Suite à la réforme du droit des biens: la législation sur les troubles de voisinages modifiée

Le législateur donne plusieurs critères pour apprécier le caractère excessif d’un trouble.  C’est sur base de ceux-ci que le juge tranche.
Le législateur donne plusieurs critères pour apprécier le caractère excessif d’un trouble. C’est sur base de ceux-ci que le juge tranche. - backup_studio - stock.adobe.com

L a théorie des troubles de voisinage, anciennement reprise à l’article 544 du Code Civil, était un produit de la jurisprudence. Cet article disposait que la propriété était le droit de jouir et disposer des choses de la manière la plus absolue, pourvu qu’on n’en fasse pas un usage prohibé par les lois ou par les règlements. Ce principe était complété par la jurisprudence de la théorie des troubles du voisinage, laquelle précise que le propriétaire d’un immeuble qui, sans commettre un fait fautif, rompt l’équilibre établi entre les propriétés voisines et impose au propriétaire voisin un trouble excédant la mesure des inconvénients ordinaires du voisinage, lui doit une juste et adéquate compensation rétablissant l’équilibre rompu.

Nouveau Code Civil

Depuis le 1er septembre cette création de la jurisprudence est finalement codifiée. Si dans le passé les cours et tribunaux étaient obligés de se baser sur la jurisprudence pour juger chaque cas, ils ont maintenant reçu un cadre législatif qui a fondé les principes.

C’est plus précisément l’article 3.101 du nouveau Code Civil qui règle maintenant les droits d’un propriétaire vis-à-vis à son voisin. Dans son premier paragraphe l’article 3.101 dispose que les propriétaires voisins ont chacun droit à l’usage et à la jouissance de leur bien immeuble. Dans l’exercice de l’usage et de la jouissance, chacun d’eux respecte l’équilibre établi en ne causant pas à son voisin un trouble qui excède la mesure des inconvénients normaux du voisinage et qui lui est imputable.

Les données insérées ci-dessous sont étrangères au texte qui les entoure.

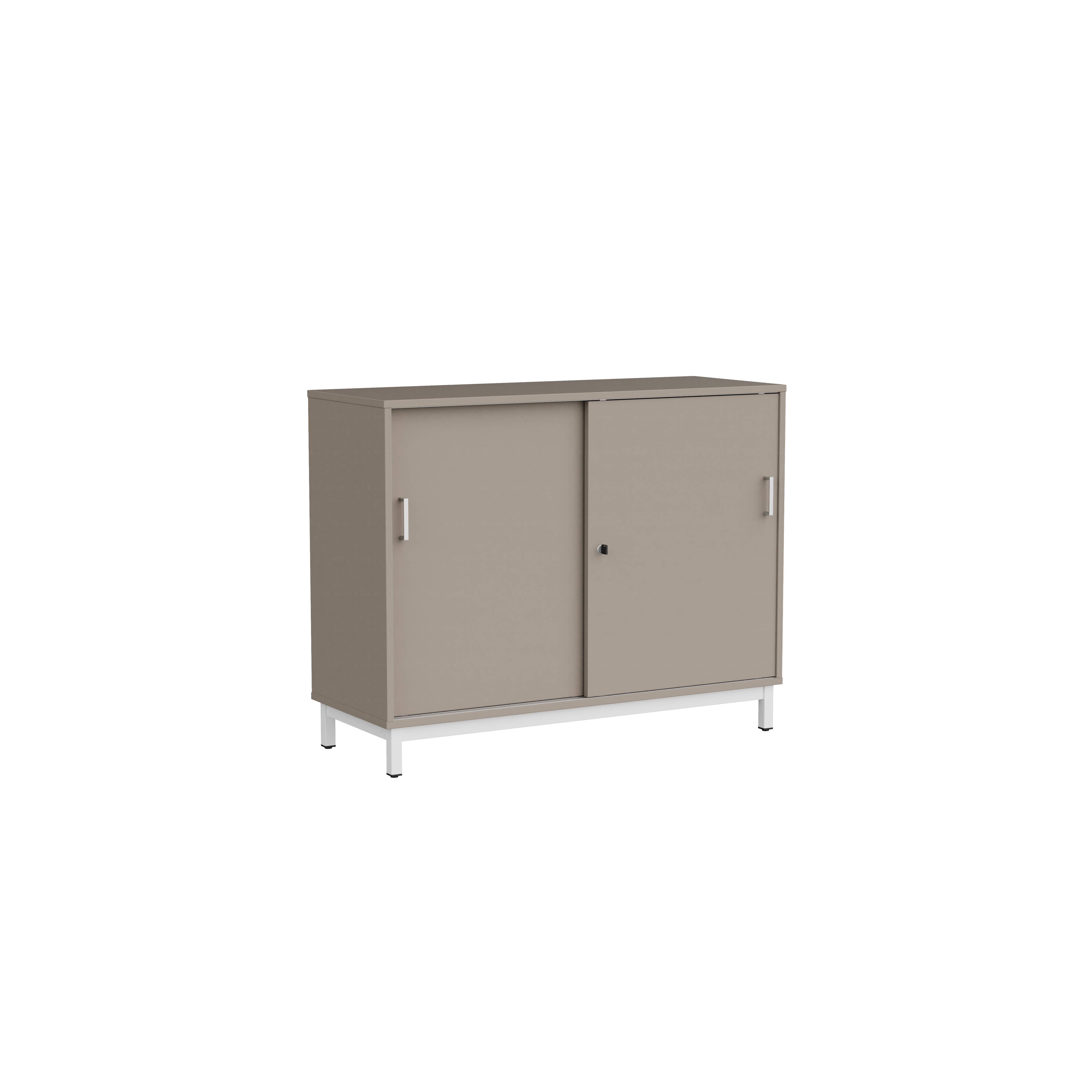 Meuble bas portes coulissantes Mandi - panneaux mélaminé - l. 120 x h. 94,5 x pr. 45 cm - piétement métal réglable -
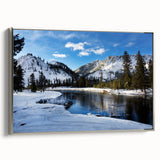 Framed canvas of Yellowstone landscape art painting featuring a vintage poster style with colorful art on a black background.
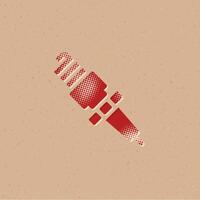 Spark plug halftone style icon with grunge background vector illustration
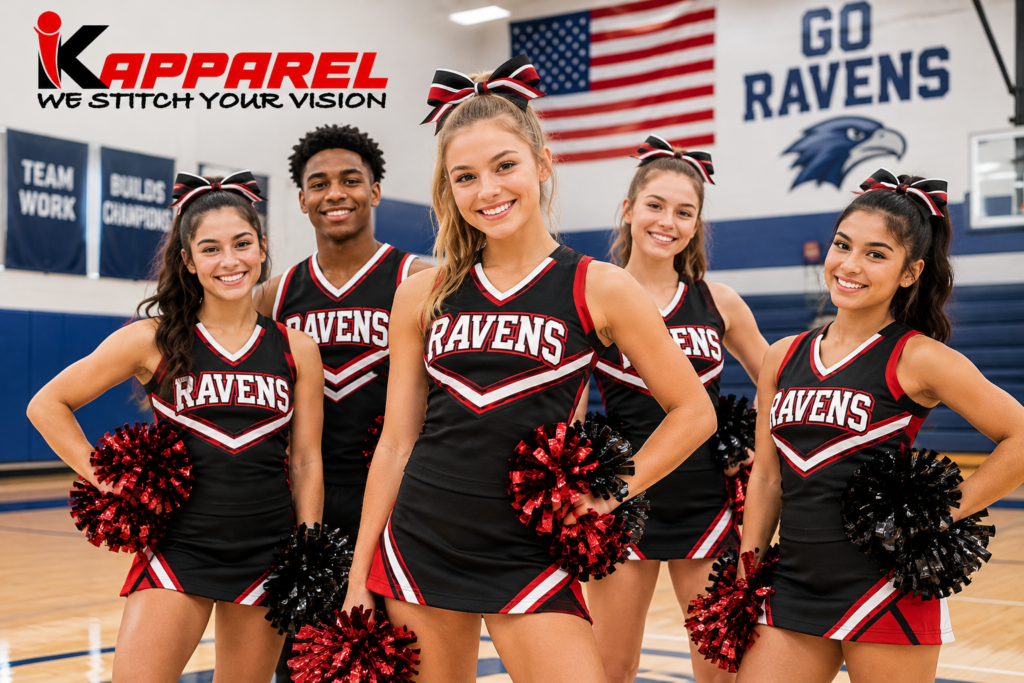 Cheer team wearing matching custom sleeveless shells in a USA gym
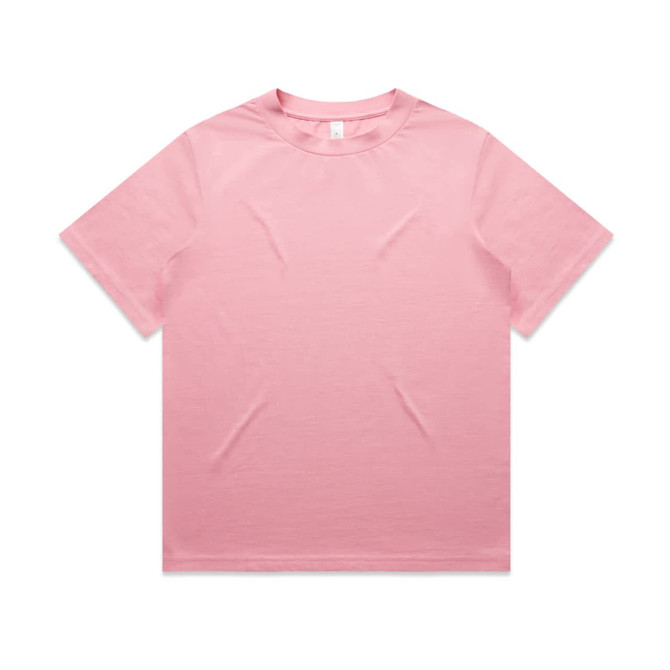 A pink T-shirt featuring a classic crew neck design. The shirt has a brand logo on the label.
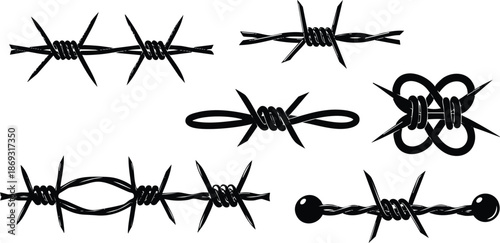 Black silhouette flat design barbed wire elements set including sharp points and twisted loops isolated on white background minimalist vector art collection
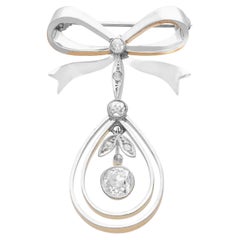 Antique 1.00Ct Diamond and 14k Yellow Gold Bow Brooch / Pendant Circa 1920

En bref, chacun peut jouir de sa propriété mais il est limité car il ne peut pas causer un trouble qui excède la mesure des inconvénients normaux du voisinage. Celui qui rompt l’équilibre précité est tenu de le rétablir.

Quand est-ce excessif ?

La question de ce qui est excessif se pose. Le législateur a donné plusieurs critères pour apprécier le caractère excessif du trouble. Selon l’article 3.101 § 1 deuxième partie, il est tenu compte de toutes les circonstances de l’espèce, tels le moment, la fréquence et l’intensité du trouble, la préoccupation ou la destination publique du bien immeuble d’où le trouble causé provient.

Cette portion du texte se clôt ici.